Monsieur le Président,
Dans les grandes démocraties, les citoyens éclairés et soucieux du devenir de la nation, s’adressent aux autorités, en vue de leur exprimer leurs préoccupations et sentiments les plus profonds. C’est en droite ligne d’une telle tradition visant à maintenir le lien entre gouvernés et gouvernants que je m’adresse à la plus haute autorité du pays, le Président de la République, père de la Nation.
Ma lettre est motivée par le désarroi, l’inquiétude et surtout la précarité que vivent les locataires au Sénégal, particulièrement dans la capitale. En effet, le prix exorbitant du loyer plonge beaucoup de ménages dans des conditions épouvantables. De plus, il rend invivable la capitale que les bailleurs ont fini de transformer en enfer terrestre.
Monsieur le Président, vous avez compris, et peut-être vécu le drame qu’entraîne la cherté du loyer. Aussi, aussitôt après votre accession à la magistrature suprême, avez-vous fait voter une loi visant à réduire le coût du loyer.
Cette loi a été malheureusement torpillée et lacérée par les bailleurs, pour n’avoir pas été élaborée dans les règles de l’art voire bétonnée. Cependant quelque mal élaborée qu’elle pût être, cette loi aurait pu aider à réguler le secteur du loyer si l’Etat avait fait preuve de fermeté et d’autorité dans son application rigoureuse.

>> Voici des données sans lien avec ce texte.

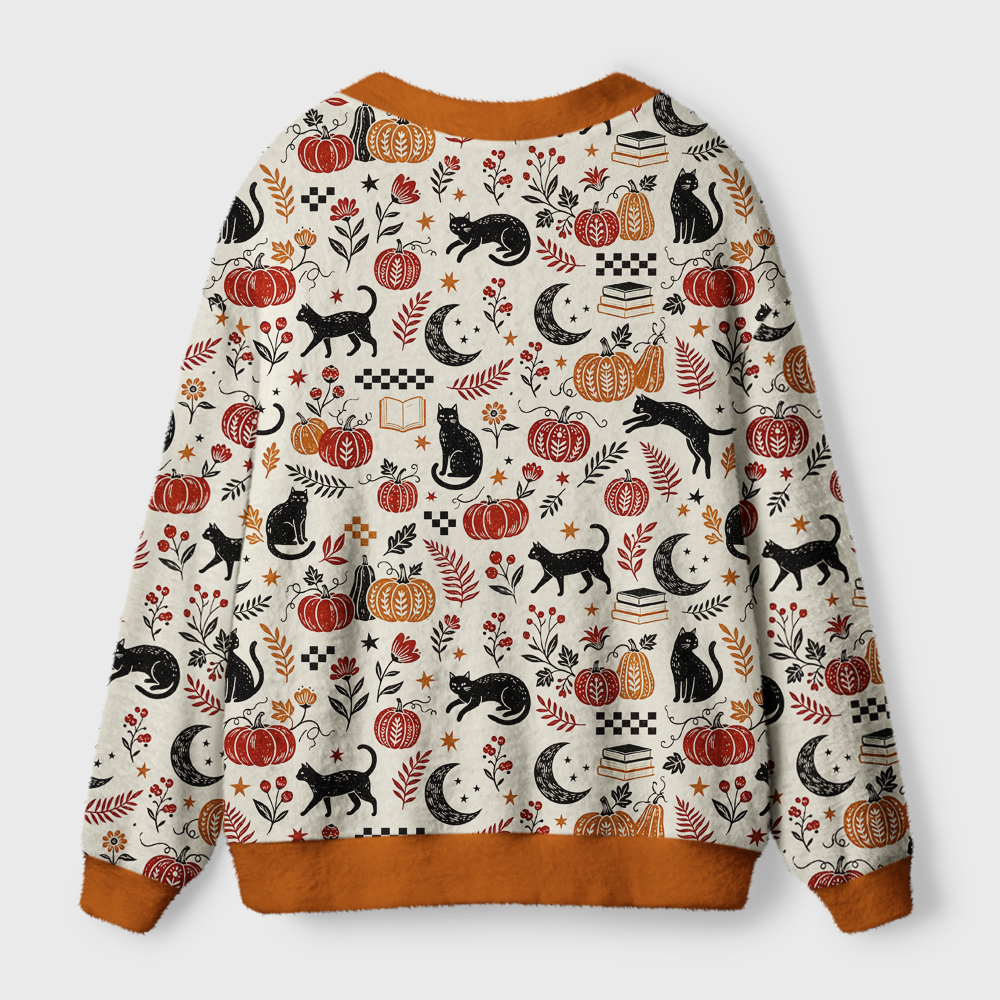 Pagewings Cat Book Lover Light Knit Unisex Cardigan Sweaters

Monsieur le Président, non seulement l’Etat a fermé les yeux devant la violation de la loi, mais il n’a pas été à la hauteur pour la parfaire. Cela a exacerbé le sentiment de déception des locataires assimilables à de « pauvres hères qui errent » dans l’enfer de la capitale sénégalaise. En témoignent les appels de détresse que nous lancent des locataires jetés dans la rue par des bailleurs au cœur de basalte, aidés par des décisions de justice loin d’être au fait des réalités sociales ?
Monsieur le Président, nous ne vous enseignez rien en politique, mais nous vous informons de la nécessité de préférer les locataires aux bailleurs, si l’on sait que les premiers sont plus nombreux que les seconds. De plus, la défense des droits des locataires relève d’une œuvre de haute portée humanitaire. Mieux, il émane du divin.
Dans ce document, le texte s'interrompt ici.